Tem sujeito que já nasce com a missão predestinada de ser poeta, como, sei lá, Chico Buarque ou Ivanildo Vila Nova. Outros recebem uma overdose precoce de poesia que chega quase a destruí-los; brilham com intensidade e depois fartam-se dela, como Rimbaud. Lúcio foi dos que fazem da poesia uma conquista gradual, amadurecida e aperfeiçoada com o passar dos anos. Até segunda ordem, Perdidos Astrolábios é seu melhor livro, ou pelo menos o mais depurado, mais lapidado. “O que ficar de mim / podem velar / é a vaidosa lágrima / se dizendo mar”.

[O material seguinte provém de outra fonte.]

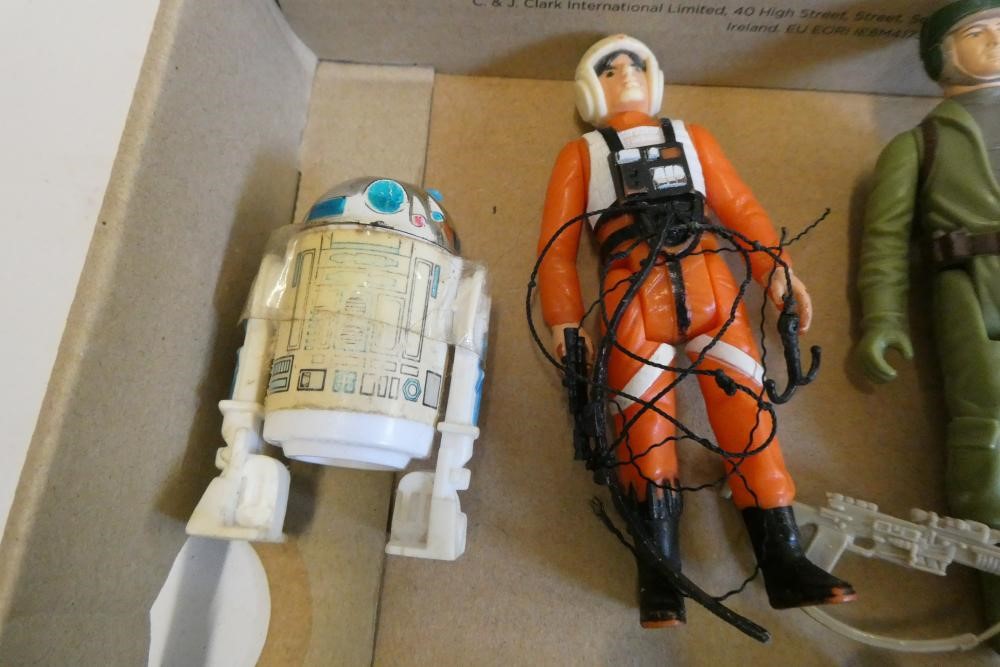 11 Star Wars figures and accessories Image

A boemia foi a fornalha do alambique onde a poesia de Lúcio Lins foi sendo destilada ao longo da vida, e acreditem, esta metáfora não é gratuita. Nos seus poemas, toda vez que leio “mar” penso estar lendo “a Noite”, no sentido boêmio do termo. Quem nasce com coração boêmio vê assim as noites: imensas, traiçoeiras, sedutoras e navegáveis. Tempestades e calmarias; batalhas e portos aconchegantes. A noite para o boêmio é um zarpar, um içar ferros, um desfraldar velas, partir sem saber para onde, entregando-se aos acasos das ruas desertas palmilhadas a pé, dos bares que surgem como ilhas iluminadas por possibilidades de repouso e aventura. A vida nos levou a fazer a noite, e na noite cada um de nós encontrou uma vida diferente, destilada em beleza. Quem duvidar, é só reler.
Confesso que nunca gostei da poesia nele, e nunca vi nela essas coisas todas, mas respeito o papel que ele teve aqui na Paraíba.